La Guardia Urbana merece un capítulo aparte, se lo han ganado a pulso
Llevaba días queriendo hablar sobre el tema de los abusos cometidos por la autoridad policial, venga del cuerpo que venga, y el artículo de Antoni Bassas me ha animado a vomitar toda mi bilis hacia nuestras excelentísimas autoridades policiales, tan empáticas con un ciudadano que —pasado por el iris de los agentes— se convierte automáticamente en un potencial delincuente.
El pasado miércoles, por poner un ejemplo, iba con Meri y los niños a ver una exposición y nos topamos con un control de la Guardia Urbana. La agente, una mujer con cara de pocos amigos, me hizo señales con una luz incandescente y no entendí si quería que me parara o que pasara, o que aparcara a la izquierda, y se me acercó con cara de pocos amigos. "¡Es que no ha entendido que le decía que pasara!". Me lo dijo en castellano, evidentemente. Cabreado por el tono perdonavidas de la agente, le contesté que si lo hubiera entendido, habría hecho lo que ella ordenaba, pero que yo no había nacido enseñado, y me contestó —también en castellano, aunque yo le hablara en catalán— que eso iba en el libro del examen de conducir. Hice un cálculo mental. Me saqué el carné a los 18 años y no recuerdo el grueso de la temática.
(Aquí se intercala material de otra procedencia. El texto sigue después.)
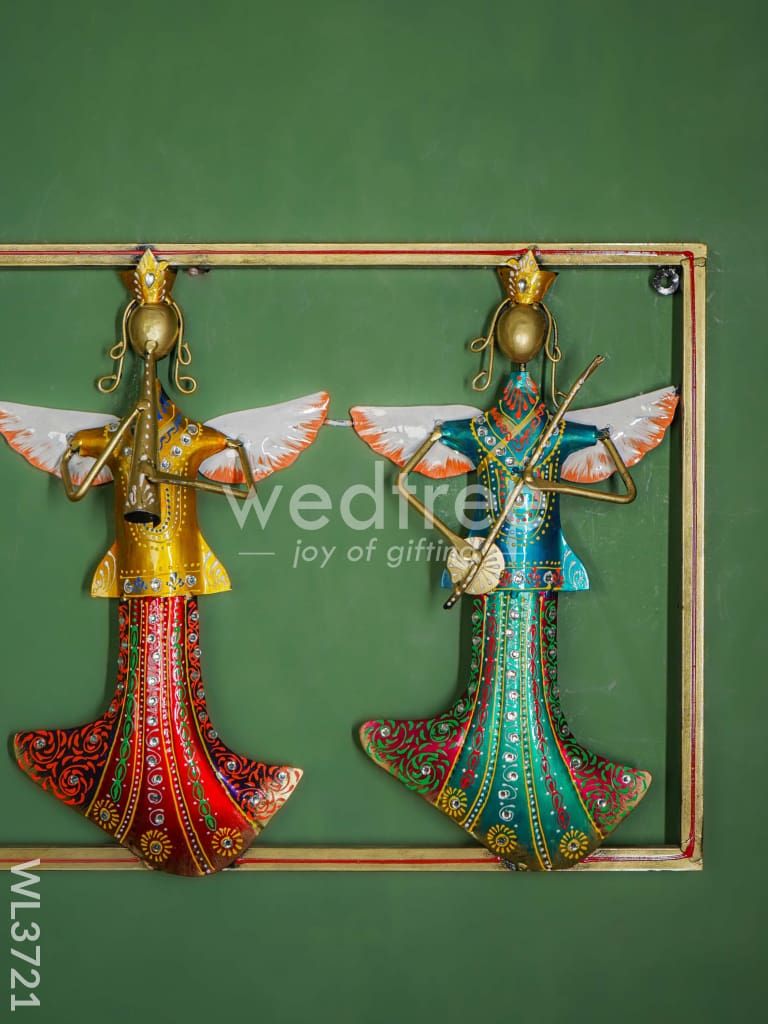 Hand painted wall hanging with 3 musical angles in frame - WL3721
Lo que sí recuerdo es que perdí la virginidad recién traspasada la mayoría de edad, pero no se lo conté para evitar malentendidos. Como tampoco le pregunté si en el libro del buen Guardia Urbano hay un capítulo dedicado a la empatía.
Todo lo que los Mossos consiguieron con el procés, un acercamiento a la ciudadanía, se perdió con el 155, un artículo constitucional que sirvió para cambiarle el chip de la empatía al cuerpo policial para colocarle un chip al servicio de un poder judicial prevaricador. De la Policía Nacional o la Guardia Civil, poco puedo añadir: mucha prosa mamporrera y poca poesía alejandrina, mucho Torrente, el brazo tonto de la ley y poca Grândola, Villa Morena. Pero la Guardia Urbana merece un capítulo aparte. Entiendo que después del famoso Crimen de la Guardia Urbana, de Rosa Peral y Albert (con acento en la "A") y de tanta luz en la oscuridad, se sientan incómodos, pero su actitud de prepotencia no ayuda a que el ciudadano no tema por su integridad como víctima inocente de otro episodio de sociopatía por parte de cualquier agente. Se lo han ganado a pulso, convertidos en recaudadores de multas, más preocupados por poner orden en las cuentas del consistorio que por expandir la armonía en una ciudad secuestrada por los radares.
Y pensando en un título, me he acordado de una comida en casa de Raimon, uno de los mejores amigos de mis padres, y de cómo me reí cuando el cantante de Xàtiva se refirió a nuestras autoridades como 'excelentísimas atrocidades'. En el saco de las atrocidades caben autoridades políticas, judiciales y, por supuesto, policiales. Y lo que nunca he entendido es que uno sea poli por vocación, aunque el episodio vivido en Kufonisia me demuestre lo contrario. Los agentes de los cuerpos de seguridad nacen con el gen policial en la sangre, una calidad distintiva de la gente que disimula el sentido de la inferioridad con la prepotencia de los chulos.